This chapter is not intended to act as an exhaustive guide to writing portable code for all systems, however, this should cover the main areas that application engineers should know for code porting on ARM specific machines. There are some significant differences that you should be aware of when moving code to the A64 instruction set in AArch64 from A32 and T32 instruction sets:

  • Most instructions in the A32 instruction set can be executed conditionally. That is, it is possible to append a condition code to the instruction and have the instruction execute (or not) based on the outcome of a previous flag setting instruction. Although this enables programming tricks to reduce code size and cycle count, this significantly complicates the design of high performance processors with out-of-order execution.

    The necessary bits reserved in the opcode field to denote the predication could usefully be put to other purposes (for example, providing the space for selecting from a larger pool of general-purpose registers). In A64 code therefore, only a small set of instructions can be executed conditionally, while some comparison and selection operations depend upon a condition. See Conditional instructions.

  • Many A64 instructions can apply an arbitrary constant shift to the source register or registers limited only by the size of the operand. In addition, A64 provides extended-register forms which can be very useful. Explicit instructions are required to handle more complicated cases such as variable shifts. T32 is also more restrictive than A32, so in some ways A64 is a continuation of the same principles. The flexible Operand2 of A32 does not exist as such in A64, but individual instruction classes have their own options.

  • There are some changes to the available addressing modes for load and store instructions. The offset, pre-index and post-index forms from A32 and T32 are still available in A64. There is a new, PC-relative addressing mode, as the PC cannot be accessed in the same way as a general-purpose register. A64 loads can shift the register inline (though not with as much flexibility as in A32), and they can use some of the extend modes too (so you can have a 32-bit array index, for example).

  • A64 removes all multiple memory access instructions (Load or Store Multiple) from previous ARM architectures, which were able to read or write an arbitrary list of registers from memory. Load Pair (LDP) and Store Pair (STP) instructions, which can operate on any two registers, should be used instead. PUSH and POP have also been removed.

  • ARMv8 adds load and store instructions that include a unidirectional memory barrier: load-acquire and store-release. These are available in ARMv8 A32 and T32 as well as A64. A load-acquire instruction requires that any subsequent memory accesses (in program order) are only visible after the load-acquire. A store-release ensures that all earlier memory accesses are visible before the store-release becomes visible. See Memory barrier and fence instructions.

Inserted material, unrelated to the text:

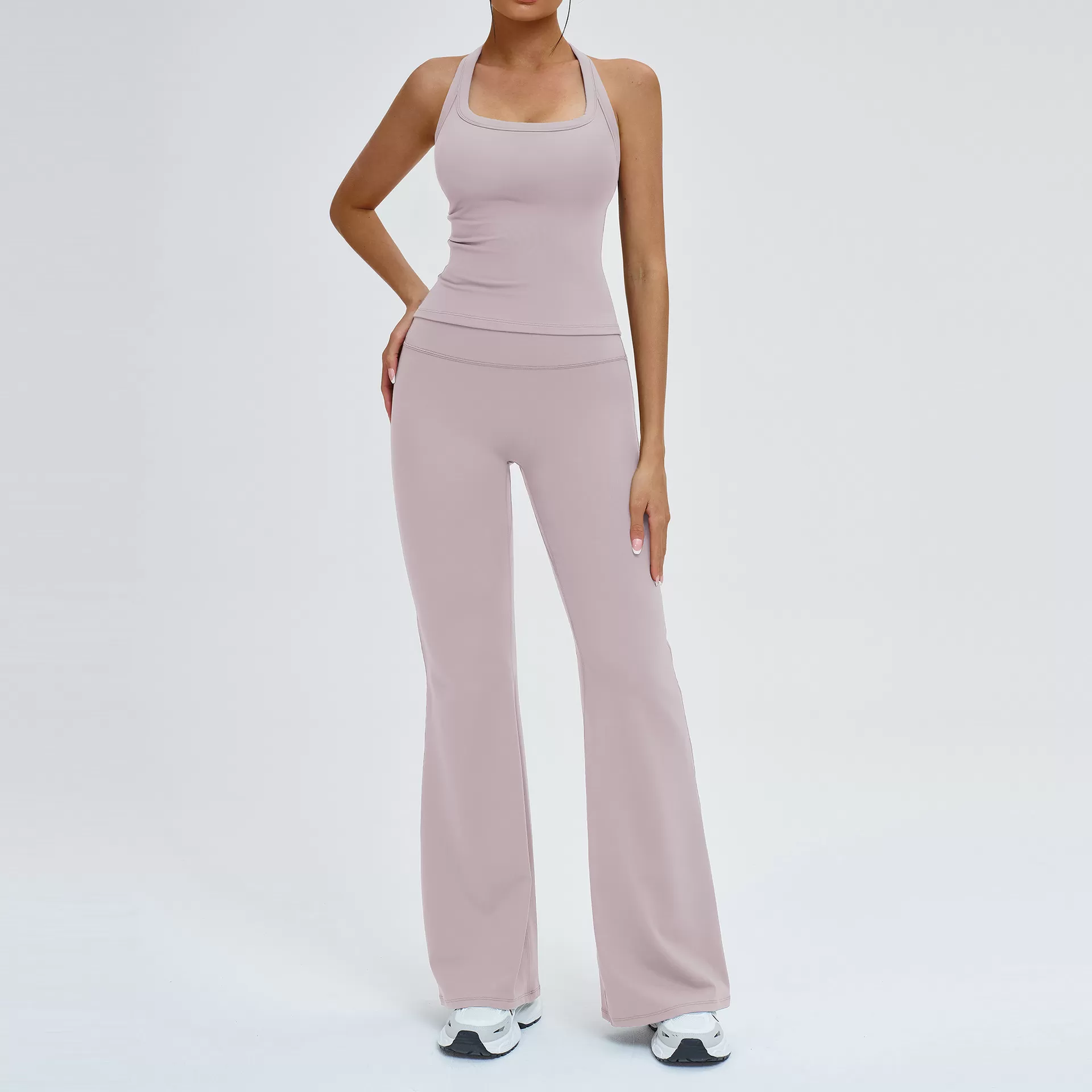 Lilac gray singlets-3+Pants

  • AArch64 does not support the concept of coprocessors, including CP15. New system instructions allow access the registers that are accessed via CP15 coprocessor instructions in AArch32.

  • The CPSR does not exist in AArch64 as a single register. Instead, PSTATE fields (such as NZCV) can be accessed using special-purpose registers.

For many applications, porting code from older versions of the ARM Architecture, or other processor architectures, to A64 means simply recompiling the source code. However, there are a number of areas where C code is not fully portable.

The similarity between A64 and A32/T32 is illustrated in the following example. The three sequences below show a simple C function and the output code in first T32 and then A64. The correspondence between the two is very easy to see.

                             //C code
                             int foo(int val)
                             {
                               int newval = bar(val);
                               return val + newval;
                             }

           //T32                                     //A64
          foo:                                      foo:
          sub sp, sp, #8                            sub sp, sp #16
          strd r4, r14, [sp]                        stp x19, x30, [sp]
          mov r4, r0                                mov w19, w0
          bl bar                                    bl bar
          add r0, r0, r4                            add w0, w0, w19
          ldrd r4, r14, [sp]                        ldp x19, x30, [sp]
          add sp, sp, #8                            add sp, sp, #16
          bx lr                                     ret

The general-purpose functionality provided by A64 has evolved from that found in A32 and T32, so porting code between the two is fairly straightforward. Translating A32 assembly code to A64 is also generally straightforward. Most instructions map easily between these instruction sets and many sequences become simpler in A64.